Researchers at the University of California San Diego found people watching video of sharks with ominous background music had a more negative opinion of the animals than those watching video with an uplifting soundtrack or none at all, according to a study published in the journal PLOS ONE.
In addition to news reports of shark attacks, a lot of information people gain on sharks comes from documentaries, which have gained popularity in recent years as the Discovery Channel’s “Shark Week” has become one of the biggest television events of the year.
Researchers say the fear built by some video clips is similar to that generated in movies using carefully chosen soundtracks.
In many cases, fear is built in horror or thriller films using a leitmotif — a short, recurring musical phrase paired with a character.

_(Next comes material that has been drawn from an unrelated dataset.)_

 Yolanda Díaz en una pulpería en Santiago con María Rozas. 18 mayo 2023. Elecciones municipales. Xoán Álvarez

Well known examples of the leitmotif include music played during The Wizard of Oz when the Wicked Witch of the West appears on screen, the “Imperial March” played when Darth Vader appears during Star Wars or the quickening music paired with the great white shark in Jaws.
For the study, researchers recruited 2,181 people online to watch 60-second video of sharks swimming soundtracked by either ominous music, happy music or nothing at all.

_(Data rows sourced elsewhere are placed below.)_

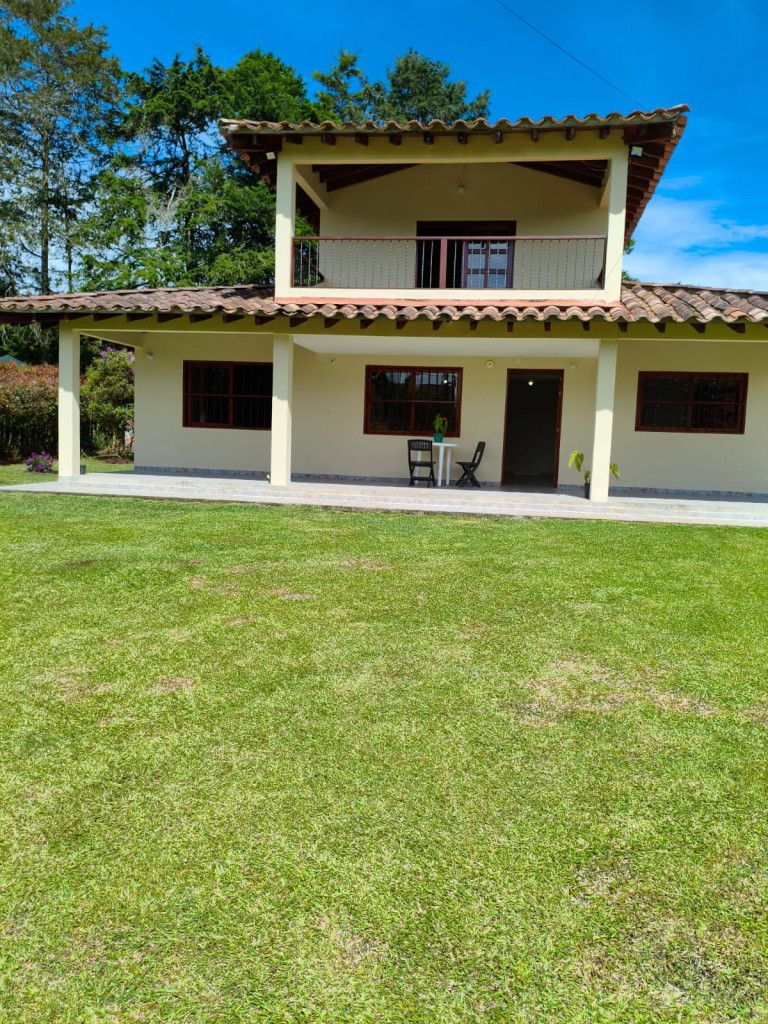 Finca en arriendo Antioquia Rionegro Rionegro 160 m2 Habitaciones 4 Baños 3 Garajes 1 Precio $7000000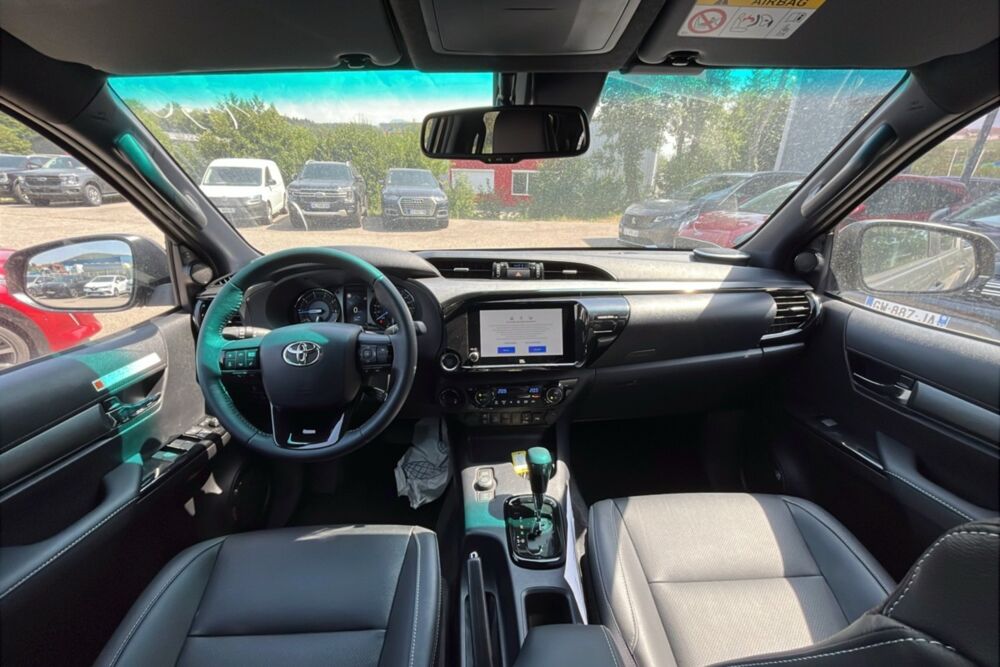 Hilux 2.8 204 BVA INVINCIBLE 4PL 2026 occasion 73730 Cevins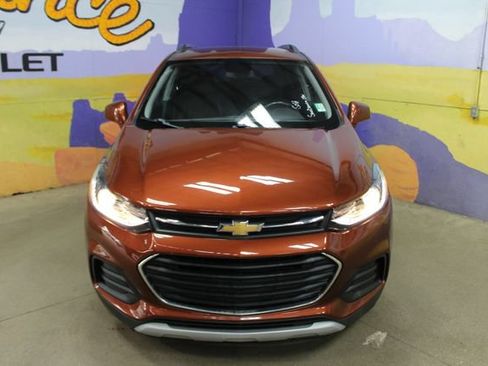Used 2019 Chevrolet Trax LT w/ LT Convenience Package FWD image 3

Overall, people who saw video of sharks swimming to ominous music had more negative and less positive regard for the animals than those watching the same clips set to uplifiting music or silence.
While the researchers acknowledge they are not sure whether perceptions affected by music would change interest in conservation efforts or other behavior, the study suggests this is possible.
“Given that nature documentaries are often regarded as objective and authoritative sources of information, it is critical that documentary filmmakers and viewers are aware of how the soundtrack can affect the interpretation of the educational content,” Andrew Nosal, a researcher at the Scripps Institution of Oceanography at the University of California San Diego, said in a press release.